The complete lineup of Radeon HD 7000 series

The offerings span four families, with model numbers ranging from 7300 to 7600. In short, HD 7350 will be Cedar, HD 7450 will be Caicos, HD 7570 will be Turks Pro and HD 7670 will be Turks XT. All of these GPUs will be made on TSMC 40 nm process, no surprises there. For the sake of brevity and readability, we are not going post the specifications for yet again, as they are literally the same.

Why rebrands instead of a new ASIC?” This would probably be the first question that pops up after reading the last paragraph. If we look at the overall desktop APU and GPU strategies, it looks like AMD is trying to solve the manufacturing and financial issues in one shot.

We first take a look at the manufacturing side. When we look back in the timeline, AMD used TSMC 40 nm process to make Bobcat-based APUs (codenamed Ontario, Zacate and Desna) and the Radeon HD 6000 series discrete GPUs. Back during the Radeon HD 5000 times, there weren’t severe shortages besides some earlier hiccups due to TSMC’s inability to fix their process. When AMD started making Bobcat-based APUs along with their discrete GPUs, the conflict become more and more obvious: the two vastly different products are fighting for wafer starts.

And then, there comes the catalyst, demand for both products are high, as Bobcat-based APUs raised the bar for power efficiency with adequate performance while the Radeon HD 6000 GPUs provided an attractive feature set and performance over the competition at a lower cost. AMD was in a dilemma, either they sacrifice GPUs (including the high-end offerings) for the APUs, or the other way round, sacrificing the APUs for the GPUs. However, none of which is more beneficial to AMD over another, AMD hurts either way.

While the APUs have delivered their promises with Llano providing mainstream-class graphics performance which renders the low-end discrete GPUs obsolete.  AMD looks to be refreshing their legacy products on an older process for OEMs only, and promoting APU platforms to end-users while shifting the focus away from the low-end discrete GPU market.  This would seem to be the only viable solution to solve this issue on the manufacturing side, especially when moving to a newer and smaller fabrication process.   While TSMC’s ability to execute on 28 nm is still remains to be seen, the uncertainty this creates pushes AMD into this shift.  This, of course, does not take into account TSMC’s wafer price increase for 28 nm wafers.

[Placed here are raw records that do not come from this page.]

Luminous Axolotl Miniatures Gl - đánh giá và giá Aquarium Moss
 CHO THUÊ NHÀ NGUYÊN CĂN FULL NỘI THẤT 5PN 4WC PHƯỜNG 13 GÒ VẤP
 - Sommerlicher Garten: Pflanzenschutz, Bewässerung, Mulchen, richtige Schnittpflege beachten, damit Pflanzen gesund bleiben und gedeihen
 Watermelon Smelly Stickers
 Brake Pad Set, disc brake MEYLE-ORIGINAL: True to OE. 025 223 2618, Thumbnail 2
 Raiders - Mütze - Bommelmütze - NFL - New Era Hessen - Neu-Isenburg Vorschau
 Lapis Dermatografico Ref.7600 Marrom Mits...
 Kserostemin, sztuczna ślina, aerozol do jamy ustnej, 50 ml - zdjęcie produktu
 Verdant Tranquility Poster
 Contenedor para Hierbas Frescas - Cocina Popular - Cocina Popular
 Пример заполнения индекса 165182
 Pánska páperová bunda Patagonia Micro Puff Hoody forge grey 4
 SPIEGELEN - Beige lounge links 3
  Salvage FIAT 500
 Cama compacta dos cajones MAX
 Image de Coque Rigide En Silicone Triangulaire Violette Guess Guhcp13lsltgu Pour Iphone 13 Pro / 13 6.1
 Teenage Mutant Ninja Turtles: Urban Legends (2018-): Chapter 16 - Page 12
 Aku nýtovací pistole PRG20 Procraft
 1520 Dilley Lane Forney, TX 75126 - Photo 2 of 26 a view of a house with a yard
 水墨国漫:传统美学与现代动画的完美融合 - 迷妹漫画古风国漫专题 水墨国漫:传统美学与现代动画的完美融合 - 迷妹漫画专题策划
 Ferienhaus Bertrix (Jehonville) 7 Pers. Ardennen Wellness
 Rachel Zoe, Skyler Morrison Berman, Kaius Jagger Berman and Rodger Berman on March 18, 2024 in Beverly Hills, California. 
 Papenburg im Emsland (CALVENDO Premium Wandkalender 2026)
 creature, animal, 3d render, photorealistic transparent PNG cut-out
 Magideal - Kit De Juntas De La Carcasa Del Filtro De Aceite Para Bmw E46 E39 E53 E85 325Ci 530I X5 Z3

Continued reading of AMD’s documents, the targeted audiences are the “lifestyle PC” people and the light-gamers, who don’t require the bleeding-edge technologies in compute and graphics rendering, but instead require low power consumption while having adequate graphics performance.  While current low-end offerings already provide enough or more than enough graphics horsepower  the market may be enticed by these offerings despite the re-brand. Therefore AMD gets faster time-to-market (basically zero for re-brands) rather than taking up the expense, time, and the driver/software optimization trouble.  AMD doesn’t have to change the configurations of the building blocks of the GCN architecture to cater for the low-end market, while saving R&D resources for the other GCN-based GPUs, or even for “C.I.”.  Maybe Nvidia has been onto something all these years with re-brands and AMD was slow on the uptake.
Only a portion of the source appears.